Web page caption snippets
++++++
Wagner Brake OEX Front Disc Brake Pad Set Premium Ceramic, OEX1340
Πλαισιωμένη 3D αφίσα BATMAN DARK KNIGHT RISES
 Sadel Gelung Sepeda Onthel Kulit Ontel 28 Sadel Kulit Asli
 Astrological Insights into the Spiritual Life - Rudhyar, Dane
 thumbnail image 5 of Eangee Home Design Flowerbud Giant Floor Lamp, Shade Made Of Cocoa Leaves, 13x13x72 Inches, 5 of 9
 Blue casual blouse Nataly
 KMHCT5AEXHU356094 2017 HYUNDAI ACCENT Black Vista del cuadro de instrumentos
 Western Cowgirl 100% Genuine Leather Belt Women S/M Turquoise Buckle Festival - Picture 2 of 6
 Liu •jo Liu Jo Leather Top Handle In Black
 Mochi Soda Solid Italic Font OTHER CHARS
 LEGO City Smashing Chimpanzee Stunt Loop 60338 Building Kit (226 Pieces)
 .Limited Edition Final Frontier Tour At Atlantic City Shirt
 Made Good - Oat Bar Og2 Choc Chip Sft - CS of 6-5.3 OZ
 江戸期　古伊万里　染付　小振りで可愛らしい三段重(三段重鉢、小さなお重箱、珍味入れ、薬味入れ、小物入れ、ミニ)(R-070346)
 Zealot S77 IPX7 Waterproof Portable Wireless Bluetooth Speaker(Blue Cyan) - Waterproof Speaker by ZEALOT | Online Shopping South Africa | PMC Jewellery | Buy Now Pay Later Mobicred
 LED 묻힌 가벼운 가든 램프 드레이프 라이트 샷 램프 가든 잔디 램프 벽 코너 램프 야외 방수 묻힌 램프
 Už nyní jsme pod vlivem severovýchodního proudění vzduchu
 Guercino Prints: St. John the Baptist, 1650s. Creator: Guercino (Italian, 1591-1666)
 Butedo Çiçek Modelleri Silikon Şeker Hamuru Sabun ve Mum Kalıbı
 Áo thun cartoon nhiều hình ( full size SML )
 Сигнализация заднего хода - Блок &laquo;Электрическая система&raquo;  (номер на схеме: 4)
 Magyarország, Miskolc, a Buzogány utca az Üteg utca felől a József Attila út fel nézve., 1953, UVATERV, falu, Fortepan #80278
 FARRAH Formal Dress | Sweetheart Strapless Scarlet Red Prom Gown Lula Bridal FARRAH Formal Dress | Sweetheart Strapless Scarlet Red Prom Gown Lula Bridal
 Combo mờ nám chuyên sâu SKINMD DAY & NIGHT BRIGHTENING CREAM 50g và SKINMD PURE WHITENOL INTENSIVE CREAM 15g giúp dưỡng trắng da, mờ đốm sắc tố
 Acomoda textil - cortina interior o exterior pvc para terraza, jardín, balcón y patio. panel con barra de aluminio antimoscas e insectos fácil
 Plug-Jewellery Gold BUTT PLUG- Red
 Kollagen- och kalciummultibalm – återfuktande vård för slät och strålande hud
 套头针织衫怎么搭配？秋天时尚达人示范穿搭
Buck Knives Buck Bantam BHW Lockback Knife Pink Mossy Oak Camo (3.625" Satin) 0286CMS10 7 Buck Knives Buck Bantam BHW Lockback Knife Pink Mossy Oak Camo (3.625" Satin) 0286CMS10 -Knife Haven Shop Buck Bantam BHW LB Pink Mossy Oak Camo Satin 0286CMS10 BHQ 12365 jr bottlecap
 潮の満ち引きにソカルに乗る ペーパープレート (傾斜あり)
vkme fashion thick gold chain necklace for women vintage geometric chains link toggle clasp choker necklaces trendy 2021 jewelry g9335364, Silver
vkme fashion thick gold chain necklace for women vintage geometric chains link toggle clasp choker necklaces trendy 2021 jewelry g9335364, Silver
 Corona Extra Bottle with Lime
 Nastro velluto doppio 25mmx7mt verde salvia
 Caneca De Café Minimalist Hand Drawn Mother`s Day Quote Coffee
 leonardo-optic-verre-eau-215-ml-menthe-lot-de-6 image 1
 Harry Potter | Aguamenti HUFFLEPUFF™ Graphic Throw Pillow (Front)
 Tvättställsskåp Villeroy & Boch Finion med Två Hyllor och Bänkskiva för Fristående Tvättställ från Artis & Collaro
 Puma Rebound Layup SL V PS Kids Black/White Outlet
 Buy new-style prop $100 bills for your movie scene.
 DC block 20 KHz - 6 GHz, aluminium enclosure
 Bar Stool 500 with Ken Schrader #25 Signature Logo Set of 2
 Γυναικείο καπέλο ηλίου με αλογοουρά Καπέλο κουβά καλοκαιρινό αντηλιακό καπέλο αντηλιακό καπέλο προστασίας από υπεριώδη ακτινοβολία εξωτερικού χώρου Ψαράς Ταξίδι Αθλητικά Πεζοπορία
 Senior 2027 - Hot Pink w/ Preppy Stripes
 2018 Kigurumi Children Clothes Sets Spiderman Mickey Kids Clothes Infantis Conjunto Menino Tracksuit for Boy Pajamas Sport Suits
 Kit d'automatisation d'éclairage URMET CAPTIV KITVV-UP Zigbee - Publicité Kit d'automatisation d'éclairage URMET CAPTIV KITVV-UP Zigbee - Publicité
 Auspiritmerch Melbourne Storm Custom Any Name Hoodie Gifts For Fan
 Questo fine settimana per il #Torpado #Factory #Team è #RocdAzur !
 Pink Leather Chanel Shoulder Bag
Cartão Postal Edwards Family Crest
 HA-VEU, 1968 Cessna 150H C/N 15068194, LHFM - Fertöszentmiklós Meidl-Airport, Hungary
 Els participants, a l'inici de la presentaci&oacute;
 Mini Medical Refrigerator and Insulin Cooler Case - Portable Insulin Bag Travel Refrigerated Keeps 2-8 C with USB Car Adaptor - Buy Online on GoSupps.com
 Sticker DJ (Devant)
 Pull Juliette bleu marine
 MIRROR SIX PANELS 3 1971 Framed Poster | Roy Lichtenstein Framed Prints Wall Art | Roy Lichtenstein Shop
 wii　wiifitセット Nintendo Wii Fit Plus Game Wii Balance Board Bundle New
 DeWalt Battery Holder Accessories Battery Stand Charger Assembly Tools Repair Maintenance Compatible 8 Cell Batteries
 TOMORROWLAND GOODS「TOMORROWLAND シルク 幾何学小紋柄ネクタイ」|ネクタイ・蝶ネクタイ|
++++++
YOUR ASSIGNMENT » Where a line above holds the word "Kids", copy it.

RESPONSE TO THE TASK »
 Puma Rebound Layup SL V PS Kids Black/White Outlet
 2018 Kigurumi Children Clothes Sets Spiderman Mickey Kids Clothes Infantis Conjunto Menino Tracksuit for Boy Pajamas Sport Suits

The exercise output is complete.